Mohamed Alghanami, a College of Engineering freshman from Bahrain, said it would be beneficial if BU officials provided students with basic information on summer storage companies and prices.
“If we could just get more information regarding storage, especially for freshmen, that would be great,” said Alghanami.
Alghanami said summer storage is necessary for students who cannot transport all of their belongings to distant homes between the spring and fall semesters.
“Especially because I’m an international student, it’s not really feasible to take all of my stuff all the way back home,” he said.
BU Housing Director Nishmin Kashyap said the summer holiday poses a much greater challenge than the fall, winter and spring holidays do for students and space.
“During regular breaks — Thanksgiving, winter and spring — students do not have to remove belongings from their rooms,” she said via email. “However, at the end of the academic year, students have to move out.”
Kashyap said BU does not endorse any vendors, and that the school neither encourages nor discourages summer storage.
“Students research online for vendors and contract with them individually,” Kashyap said. “It is a personal choice that students have to make.”
Mandy Evers, student services manager at the UPS Store at 1085 Commonwealth Ave., one company that offers students summer storage, said it is common for students to store all types of items.
“Students are storing clothes, storing stuff that they’re not going to need for the summer when they’re at home,” Evers said. “It really depends on the student in deciding what they want to bring home with them and what they want to leave here for the next term.”
Evers said the average student using UPS Summer Storage spends about $180.
“I live in an apartment off-campus, so that’s where I’m keeping all of my stuff for the summer,” said Jeffrey Hintz, a College of Arts and Sciences junior.

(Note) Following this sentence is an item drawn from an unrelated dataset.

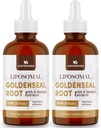 Golden Seal Tincture 3000mg - Goldenseal Root for Immune Function & Lung Care - Sugar-Free, Vegan, Fast Absorbing - Echinacea & Goldenseal Liquid Extract, 120ml (Pack of 2)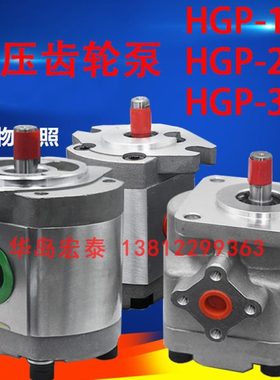 HGP-3A-F25R F19R 17R 28R 30R 23R 8R 11R 13R 14R 齿轮泵油泵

Hintz said he noticed many companies have been advertising themselves around the Charles River Campus by handing out fliers, putting ads under students’ doors and writing information on the sidewalk with chalk.
“Some people have a lot of stuff so they can’t bring it home, and the school should probably help them out a bit more,” he said.
Lindsay Chan, a CAS freshman from Philadelphia, said summer storage is valuable to students.
“[Summer storage] helps anyone who lives farther away from Boston than a day’s car ride, or for anyone who has to fly because obviously they can’t bring their bulkier items with them,” she said.
She said although she will not be storing any items, she believes storing possessions during the summer ultimately saves money for students.
“It’s also good because they [students] don’t have to get rid of anything they can’t carry and be forced to buy it all new next semester,” she said. “I wish they [BU] had a page with all our options for summer storage on the housing website.”